TSAI MING-LIANG is one of the great charters of human loneliness. This month’s retrospective at the Kino Arsenal in Berlin allows you to consider Tsai’s cinema in its entirety (excluding his shorts and television features). You can watch the city of Taipei through the final decade of the twentieth century and to the present, as it begins to resemble the scripted expectations of a twenty-first-century metropolis, or the development of his small ensemble of players, notably Lee Kang-sheng, the handsome and mysterious leading man whom Tsai discovered working in a video-game arcade and has cast in every one of his features.
Presiding above all this are Tsai’s consistent motifs. There’s loneliness, sure, but loneliness here is always interwoven with real estate—not a typical theme for an auteur, but Tsai makes it his own by elevating his enclosed spaces, often abandoned or their ownership fraught, to the level of costars. Vive l’amour (1994) tracks the peregrinations of three people who, unbeknownst to one another, are illegally squatting in the same massive two-story luxury apartment in Taipei that the agent can’t manage to sell. The Hole (1998) takes place around a hole drilled into the floor of an apartment that never gets repaired and thus connects the two tenants. Stray Dogs (2013), his most recent feature, focuses on a homeless family in Taipei; the patriarch takes a low-paying day job holding up a sign at an intersection to advertise a new luxury condo development.
Often Tsai’s loneliness is linked to a longing for another place entirely, one that can only be distantly imagined.
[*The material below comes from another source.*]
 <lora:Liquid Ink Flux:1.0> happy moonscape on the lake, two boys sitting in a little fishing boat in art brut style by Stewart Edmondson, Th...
In What Time Is It There? (2001), a watch salesman falls in love with a young woman who insists on buying his own watch for her move to Paris. He knows he’ll never see her again, and immersed in his fantasy, he changes all his watches to Paris time and spends his days viewing a random French DVD, Truffaut’s 400 Blows. This incessant probing of the notion of place, of home, could only come from someone who, like Tsai, is an outsider by choice (Tsai moved to Taiwan from his native Malaysia when he was in his early twenties to study, and never returned).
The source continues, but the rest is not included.